### Source data

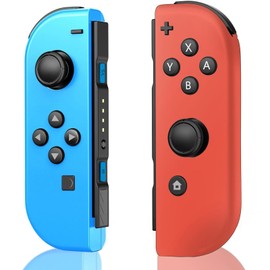 Joy Cons for Switch Controllers, Wireless Replacement for Switch, Left and Right Controllers Support Sports Dual Vibration/Wake-Up/Motion Control/Screenshot Function (Blue and Red)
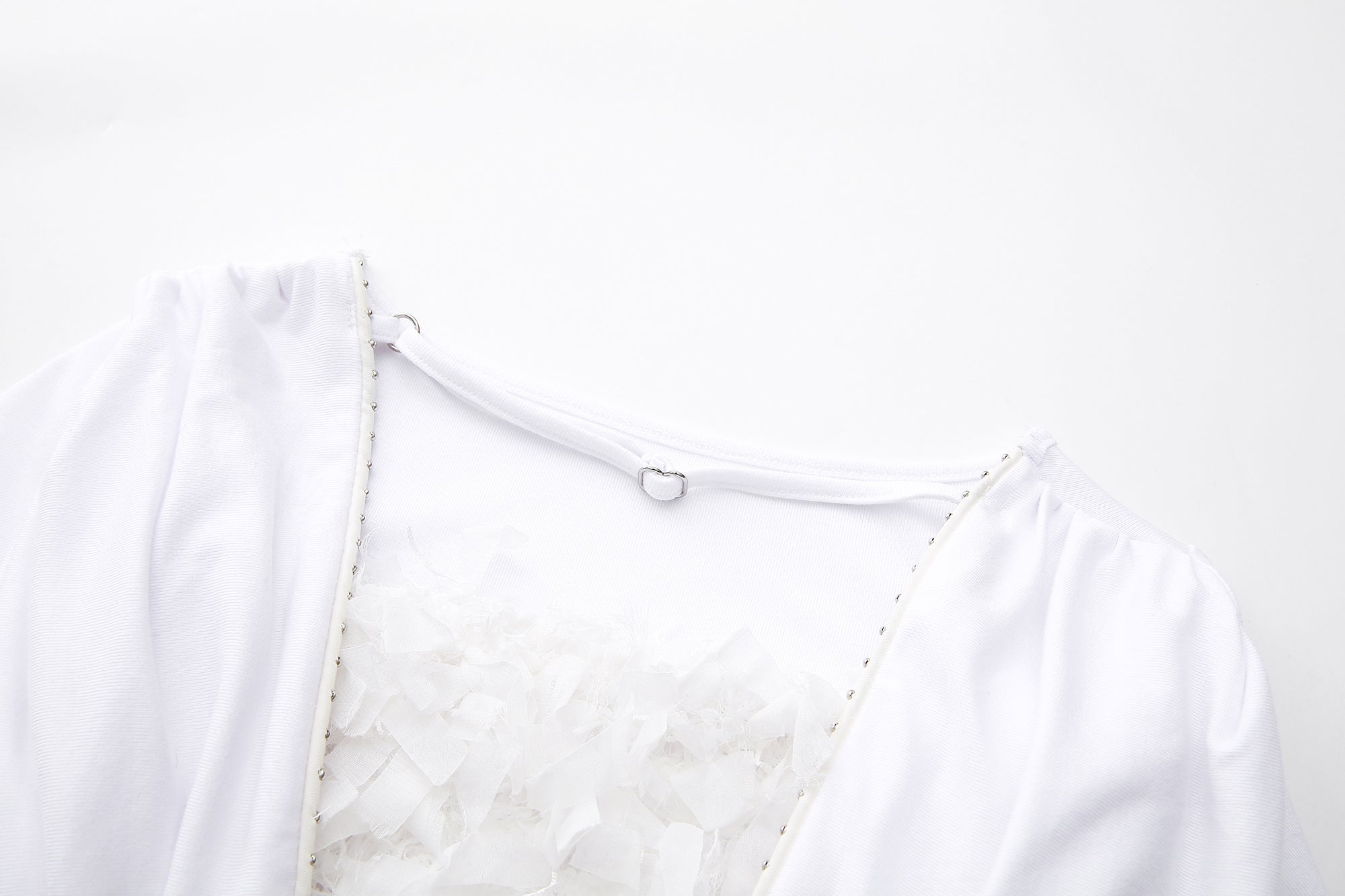 NEVER OFFEND L ANGEL Draped Off-Shoulder Slim Mini Dress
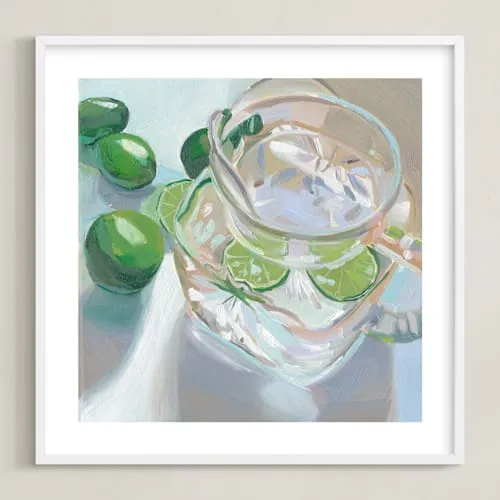 Cut Glass And Limes Limited Edition Fine Art Print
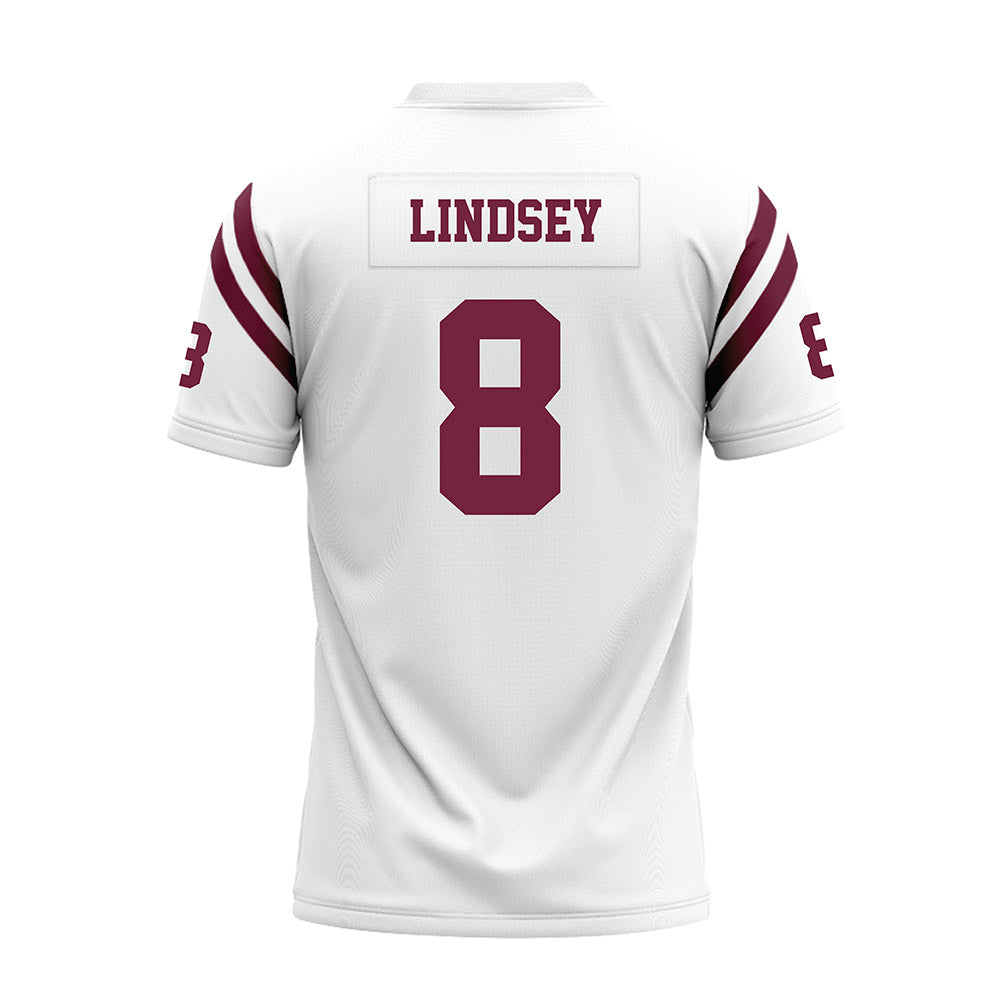 Fordham - NCAA Football : Nathan Lindsey - White Football Jersey-1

### What to work on
Would you reproduce the listing above exactly, without any of its images?

### Answer space
 Joy Cons for Switch Controllers, Wireless Replacement for Switch, Left and Right Controllers Support Sports Dual Vibration/Wake-Up/Motion Control/Screenshot Function (Blue and Red)
 NEVER OFFEND L ANGEL Draped Off-Shoulder Slim Mini Dress
 Cut Glass And Limes Limited Edition Fine Art Print
 Fordham - NCAA Football : Nathan Lindsey - White Football Jersey-1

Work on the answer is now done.